| EXERCISE AIM |
Within the records that follow, find every line containing the string "Navy". Copy those lines.

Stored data
——
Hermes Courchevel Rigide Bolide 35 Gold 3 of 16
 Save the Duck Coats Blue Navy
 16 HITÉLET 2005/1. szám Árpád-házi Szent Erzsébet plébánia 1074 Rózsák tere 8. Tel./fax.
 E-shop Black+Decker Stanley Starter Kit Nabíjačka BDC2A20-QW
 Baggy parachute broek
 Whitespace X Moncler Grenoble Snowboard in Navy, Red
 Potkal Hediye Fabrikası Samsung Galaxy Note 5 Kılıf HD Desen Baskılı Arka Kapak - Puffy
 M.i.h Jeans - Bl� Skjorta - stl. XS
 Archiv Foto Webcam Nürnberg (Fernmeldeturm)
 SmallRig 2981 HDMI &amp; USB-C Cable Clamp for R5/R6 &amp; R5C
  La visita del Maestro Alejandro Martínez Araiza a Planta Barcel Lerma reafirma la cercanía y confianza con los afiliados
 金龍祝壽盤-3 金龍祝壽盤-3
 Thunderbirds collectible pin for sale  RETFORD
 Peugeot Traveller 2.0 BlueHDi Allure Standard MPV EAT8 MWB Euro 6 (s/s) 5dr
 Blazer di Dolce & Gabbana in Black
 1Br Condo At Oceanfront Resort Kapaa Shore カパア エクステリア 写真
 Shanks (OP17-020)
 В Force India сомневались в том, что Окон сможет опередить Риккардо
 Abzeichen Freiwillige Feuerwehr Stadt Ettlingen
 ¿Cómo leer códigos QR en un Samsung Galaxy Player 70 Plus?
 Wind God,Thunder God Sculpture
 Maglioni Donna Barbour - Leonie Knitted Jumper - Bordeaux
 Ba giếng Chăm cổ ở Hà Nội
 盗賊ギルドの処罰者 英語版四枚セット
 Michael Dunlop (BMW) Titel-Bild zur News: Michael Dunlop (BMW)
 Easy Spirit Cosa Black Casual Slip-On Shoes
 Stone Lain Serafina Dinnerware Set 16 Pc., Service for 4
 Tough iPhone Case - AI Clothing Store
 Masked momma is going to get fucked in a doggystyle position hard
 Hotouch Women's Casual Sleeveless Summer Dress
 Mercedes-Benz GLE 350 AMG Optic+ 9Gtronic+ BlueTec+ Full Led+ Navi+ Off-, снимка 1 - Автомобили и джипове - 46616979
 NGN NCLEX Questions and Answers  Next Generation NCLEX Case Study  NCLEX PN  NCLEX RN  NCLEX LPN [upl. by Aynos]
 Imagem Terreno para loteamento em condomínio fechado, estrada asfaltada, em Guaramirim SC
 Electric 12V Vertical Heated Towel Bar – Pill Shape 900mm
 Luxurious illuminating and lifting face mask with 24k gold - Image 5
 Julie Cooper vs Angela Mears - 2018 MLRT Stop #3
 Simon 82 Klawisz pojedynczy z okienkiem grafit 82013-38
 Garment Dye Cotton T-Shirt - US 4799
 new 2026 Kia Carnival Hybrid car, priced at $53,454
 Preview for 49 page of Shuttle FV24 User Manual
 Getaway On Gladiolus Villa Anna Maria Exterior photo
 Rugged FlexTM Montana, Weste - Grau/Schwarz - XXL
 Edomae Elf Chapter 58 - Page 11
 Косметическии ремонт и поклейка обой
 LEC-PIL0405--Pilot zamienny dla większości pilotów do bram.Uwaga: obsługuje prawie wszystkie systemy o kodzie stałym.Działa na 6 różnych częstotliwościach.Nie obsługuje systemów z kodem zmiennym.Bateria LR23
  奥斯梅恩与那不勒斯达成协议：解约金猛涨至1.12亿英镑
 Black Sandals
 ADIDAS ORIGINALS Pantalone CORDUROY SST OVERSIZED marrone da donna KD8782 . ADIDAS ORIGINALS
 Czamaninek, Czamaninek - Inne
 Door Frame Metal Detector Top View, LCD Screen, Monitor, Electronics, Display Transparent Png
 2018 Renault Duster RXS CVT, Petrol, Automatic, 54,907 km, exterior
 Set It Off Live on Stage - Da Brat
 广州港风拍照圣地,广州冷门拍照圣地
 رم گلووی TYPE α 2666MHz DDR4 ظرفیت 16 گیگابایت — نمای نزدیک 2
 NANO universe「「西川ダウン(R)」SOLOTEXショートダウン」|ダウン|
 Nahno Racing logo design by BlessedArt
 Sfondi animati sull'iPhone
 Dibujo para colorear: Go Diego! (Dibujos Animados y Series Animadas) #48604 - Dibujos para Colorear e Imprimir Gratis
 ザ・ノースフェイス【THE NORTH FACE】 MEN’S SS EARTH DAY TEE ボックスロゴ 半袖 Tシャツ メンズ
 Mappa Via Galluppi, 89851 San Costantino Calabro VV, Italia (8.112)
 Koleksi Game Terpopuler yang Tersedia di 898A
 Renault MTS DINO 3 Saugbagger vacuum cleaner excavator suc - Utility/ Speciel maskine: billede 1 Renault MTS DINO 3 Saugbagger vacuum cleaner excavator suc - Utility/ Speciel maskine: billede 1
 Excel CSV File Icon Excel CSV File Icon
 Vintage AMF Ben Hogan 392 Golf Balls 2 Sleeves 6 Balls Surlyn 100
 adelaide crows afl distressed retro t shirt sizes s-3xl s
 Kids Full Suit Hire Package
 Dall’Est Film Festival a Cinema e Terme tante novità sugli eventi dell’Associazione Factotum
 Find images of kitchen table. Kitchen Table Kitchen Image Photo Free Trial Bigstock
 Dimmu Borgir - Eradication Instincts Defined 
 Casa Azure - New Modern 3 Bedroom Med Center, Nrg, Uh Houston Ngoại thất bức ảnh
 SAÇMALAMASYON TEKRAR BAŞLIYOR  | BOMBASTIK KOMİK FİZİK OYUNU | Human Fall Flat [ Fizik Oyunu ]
——
| WRITTEN REPLY |
 Save the Duck Coats Blue Navy
 Whitespace X Moncler Grenoble Snowboard in Navy, Red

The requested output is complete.